Friends with You
A couple of Art Basel’s ago I had the honor of collaborating with Sam and Tury of Friends with You on “Somewhere Over the Rainbow” an inflatables installation at the Mondrian South Beach Pool. My wife Gelareh had told me about them and I had reached out on a whim to see if we could make something magical happen. It was an amazing experience, but more than the installation we were able to forge a meaningful connection with these two incredible Supercreators that continues to bring us tons of joy to this day. Below you will find a recent interview with Friends with You where they describe their practice and philosophy, enjoy!
FriendsWithYou is the art-making duo of Samuel Borkson and Arturo Sandoval III, aka Sam and Tury to their friends, which includes you. They’ve been working collaboratively since 2002, starting out in Miami, where they operated a sort of open studio that was not only a workspace but an indie-art gathering place. In 2012 they packed up their circus and moved to Los Angeles, their home ever since, although their nonstop exhibition schedule keeps them globetrotting.
Highlights of just the past few years include locales from Seoul to Art Basel, Singapore, MOCA, the High Line, the Santa Monica Pier and the most happy-making booth at this year’s Art Los Angeles Contemporary art fair, courtesy of gallery The Pit. (Pro tip: Next time you see that giant rocking-horse Pokey sculpture they showed at ALAC, remember you are in fact allowed to ride it.)
FWY is beloved by actual kids and the inner children of fancy art folks alike for its fantastical, candy-store cartoon wonderlands of inflatable, illuminated, large-scale, immersive public art installations and shared interactive experiences, from bouncy castles to virtual reality. FWY also paint, sculpt, perform live and are three seasons into an animated Netflix series, True and the Rainbow Kingdom, working with Pharrell Williams’ production company.
By blurring boundaries between high and low, art and life, play and culture, toys and objets d’art, FWY seek to erase the boundaries that separate people from one another.
And that is the really special idea at the core of what FWY do. Their work looks like playtime — like an acid dream of playtime — but the truth is, as Tury, 41, puts it, “We ask high theological questions, based on deep things we mine in the art world.
“We’ve always been medium-agnostic,” he explains, “with a greater goal of forging meaningful connections. One day I’m maybe sick of working with the technology, and I want to use my hands, so I get some clay! It’s more like conceptual art — we ask the same question but always framed a different way. And that is: How can we create long-lasting communal interaction?”
“Our consciousness changes all the time,” offers Sam, 38, “and this is reflected in the work. Making these things is a healing bath.” The two of them carry on working while you’re talking to them, drawing mostly, but today they’re making clay sculptures that will become a series of unique bronze castings.
They move with a casual joyfulness, which translates into the work.
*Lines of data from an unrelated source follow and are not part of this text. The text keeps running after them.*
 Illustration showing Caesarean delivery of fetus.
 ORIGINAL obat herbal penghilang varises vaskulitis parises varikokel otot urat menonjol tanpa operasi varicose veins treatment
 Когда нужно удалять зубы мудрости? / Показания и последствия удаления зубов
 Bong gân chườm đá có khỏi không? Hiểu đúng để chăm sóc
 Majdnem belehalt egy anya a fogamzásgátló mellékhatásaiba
Often, they produce large runs of affordable editions, specifically to create an intentionality for being inclusive and accessible, the better to spread the peace and love.
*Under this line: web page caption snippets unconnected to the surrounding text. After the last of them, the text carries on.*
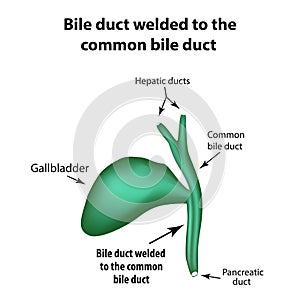 Bile duct welded to the common bile duct. Pathology of the gallbladder. Cholecystitis.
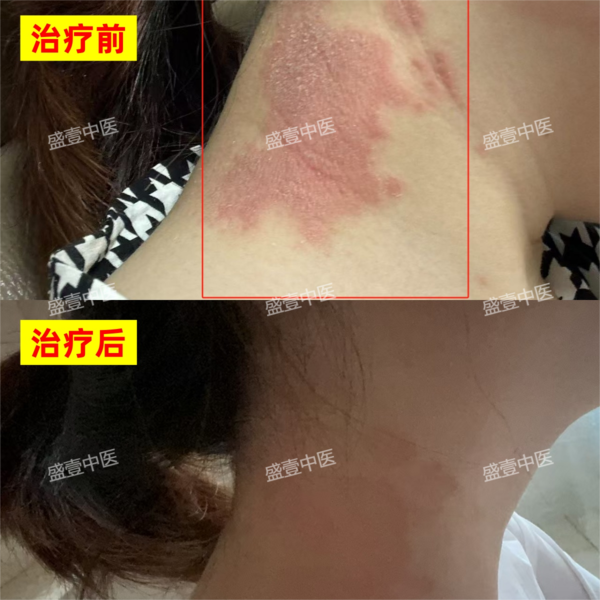脖子对比水印1226.png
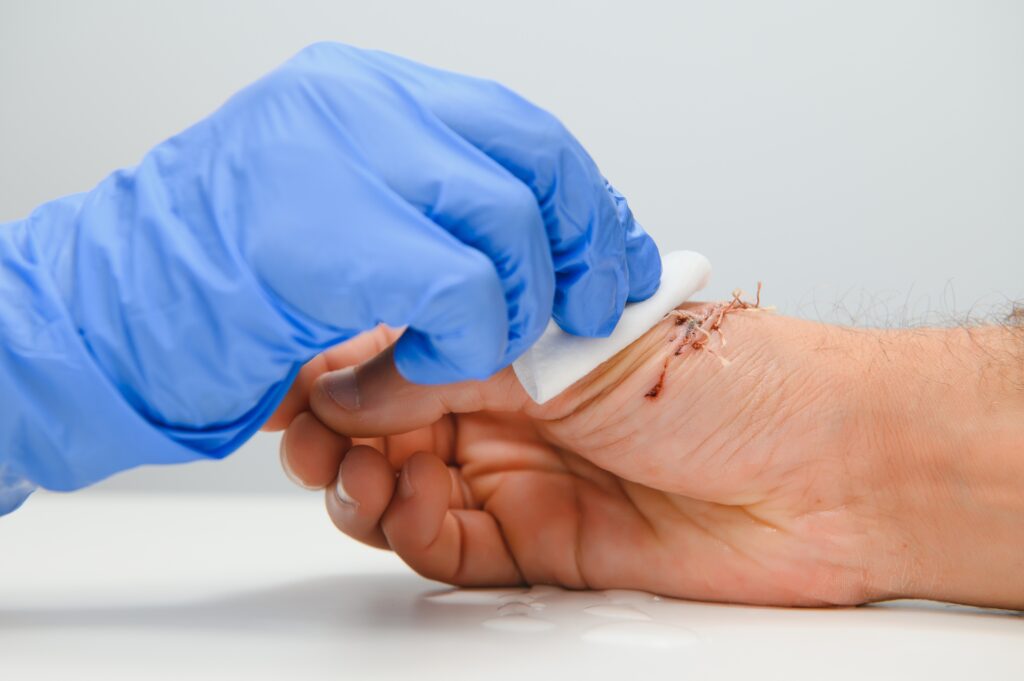 Suture wound on hand,Pain of accident concept
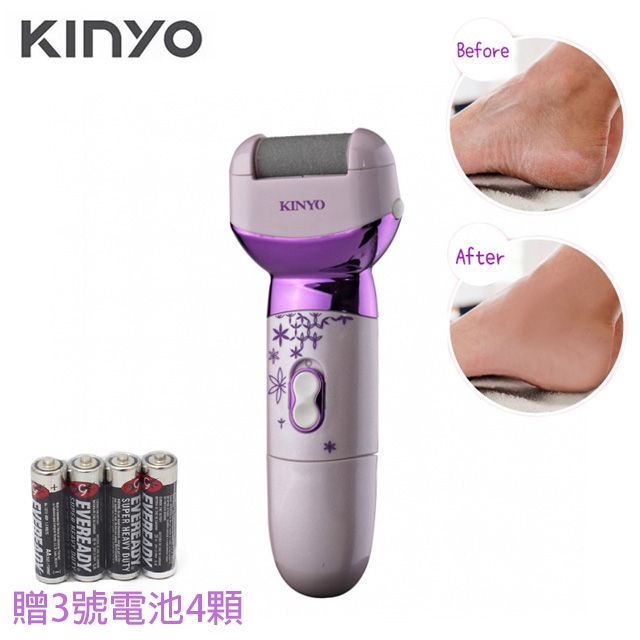 KINYO  便攜電池式去角質美足機 去硬皮磨腳機 美足清潔機 去腳皮機
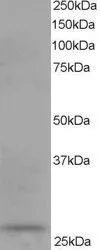 WB analysis of human kidney lysate using GTX11800 DCXR antibody, C-term. Dilution : 0.1microg/ml Loading : 35microg protein in RIPA buffer WB analysis of human kidney lysate using GTX11800 DCXR antibody, C-term. Dilution : 0.1microg/ml Loading : 35microg protein in RIPA buffer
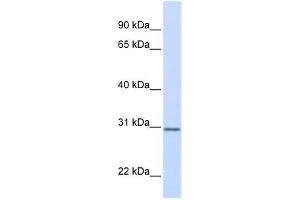 DCI antibody used at 1 ug/ml to detect target protein. (DCI anticorps)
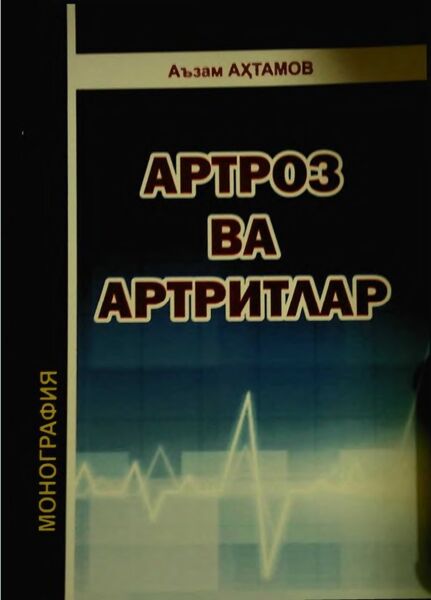 Артроз ва артрнтлар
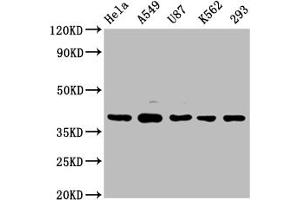 Western Blot Positive WB detected in: Hela whole cell lysate, A549 whole cell lysate, U87 whole cell lysate, K562 whole cell lysate, 293 whole cell lysate All lanes: PIH1D1 antibody at 1:2000 Secondary Goat polyclonal to rabbit IgG at 1/50000 dilution Predicted band size: 33, 20, 22 kDa Observed band size: 39 kDa (PIH1D1 Antikörper  (AA 1-290))
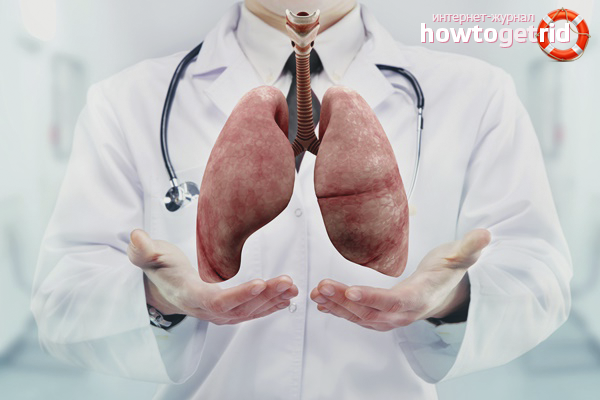 Предотвратяване на туберкулозата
Soon they’ll decamp for an NEA-supported residency in Shreveport, Louisiana. Three months of activations within underserved communities. “Our medicine is fine art,” Sam says. “We want to think free like kids do, to inspire and be inspired by them to be champions for humanity. Fuck Instagram, fuck likes, we need to win back humanity’s love for this world.”
Their inflatables and paintings, sculptures and designed editions are intriguing and eminently covetable. But asked about their experiments with VR and AI, Tury gets even more excited. “Mixed reality is here and it’s going to get so freaking weird! This is a crazy moment of enlightenment, and we don’t know what to do with it yet.”
They agree that humanity has a lot of choices to make. Their advice? “Be yourself, get weird and enjoy the adventure.”
“It’s about transcending ego,” Tury concludes. “If you’re doing it right, you’re channeling some shit you don’t even understand.”